Berlusconi jest w szpitalu w Mediolanie
Agencja przypomniała, że miliarder, potentat medialny i były premier w ostatnich latach cierpiał na powtarzające się napady złego stanu zdrowia i wyszedł ze szpitala zaledwie w zeszłym tygodniu.
Z kolei agencja Associated Press podaje, że informację tę potwierdził już jego rzecznik. – Były premier został przyjęty do szpitala San Raffaele w Mediolanie – powiedział Paolo Emilio Russo. Nie odniósł się jednak do doniesień agencji informacyjnej LaPresse, Sky TG24 i "Corriere della Sera", że polityk przebywa na OIOM-ie.
Były premier Włoch miał już nieraz problemy ze zdrowiem
Berlusconi miał w ostatnich latach szereg problemów zdrowotnych, w tym COVID-19 w 2020 roku. Po wypisaniu z 10-dniowego pobytu w szpitalu mówił wówczas, że choroba była "podstępna" i była najbardziej niebezpiecznym wyzwaniem, z jakim się spotkał. Berlusconi ma rozrusznik serca, wygrał też z rakiem prostaty.
Były włoski premier słynie z wielu szokujących wypowiedzi. Jesienią 2022 roku oskarżył Wołodymyra Zełenskiego o wywołanie wojny z Rosją. Jego zdaniem to "Putin został popchnięty" do ataku. Stwierdził też, że przywódca Rosji "chciał zastąpić rząd Wołodymyra Zełenskiego rządem porządnych ludzi".

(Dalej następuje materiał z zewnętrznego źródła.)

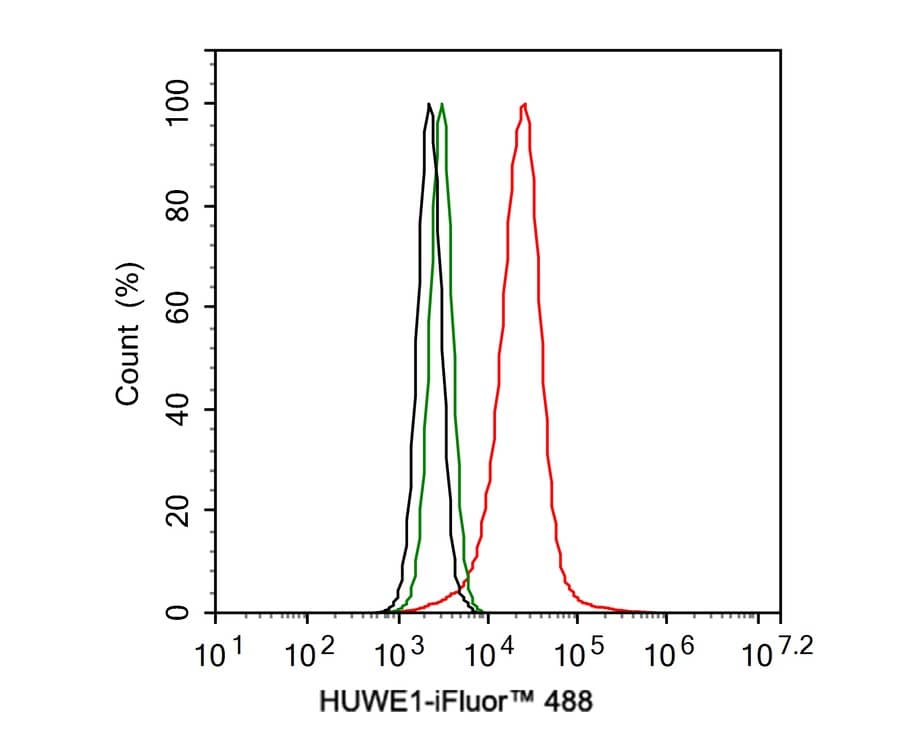 Flow Cytometry: HUWE1 Antibody (PSH02-38) [NBP3-32455] - Flow cytometric analysis of HeLa cells labeling HUWE1. Cells were fixed and permeabilized. Then stained with the primary antibody (NBP3-32455, 1:1,000) (red) compared with Rabbit IgG Isotype Control (green). After incubation of the primary antibody at +4℃ for an hour, the cells were stained with a iFluor™ 488 conjugate-Goat anti-Rabbit IgG Secondary antibody at 1/1,000 dilution for 30 minutes at +4℃. Unlabelled sample was used as a control (cells without incubation with primary antibody; black).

Według Berlusconiego wina Ukrainy jest ewidentna, bo kraj ten złamał "traktat". Polityk powiedział, że w 2014 roku w Mińsku Ukraina i dwie nowo powstałe republiki w Donbasie podpisały protokół o zawieszeniu broni. "Ukraina po roku złamała ten traktat. Zaatakowała obie republiki. Mówią mi, że zginęło 5-7 tysięcy osób" – powiedział do parlamentarzystów partii Forza Italia.
Następnie dodał, że prezydent Zełenski potroił te ataki, a delegaci samozwańczych republik poprosili Rosję o pomoc. W ten sposób według narracji Berlusconiego "Putin został popchnięty" do ataku. Berlusconi twierdził, że Putin był przeciwny interwencji, ale uległ naciskom całej Rosji, a następnie zorganizował akcję specjalną, która miała wymienić rząd Zełenskiego. Po jego usunięciu władzę w Ukrainie mieli przejąć "rozsądni i porządni ludzie". Zdaniem Berlusconiego akcja się nie udała, bo Zachód przekazał broń i pieniądze Ukrainie.
– Wojna toczona w Ukrainie to masakra ukraińskich żołnierzy i obywateli. Gdyby powiedział: "Już nie atakuję", to wszystko by się skończyło. (...) Więc jeśli nie będzie silnej interwencji, ta wojna się nie skończy – zakończył swój wywód.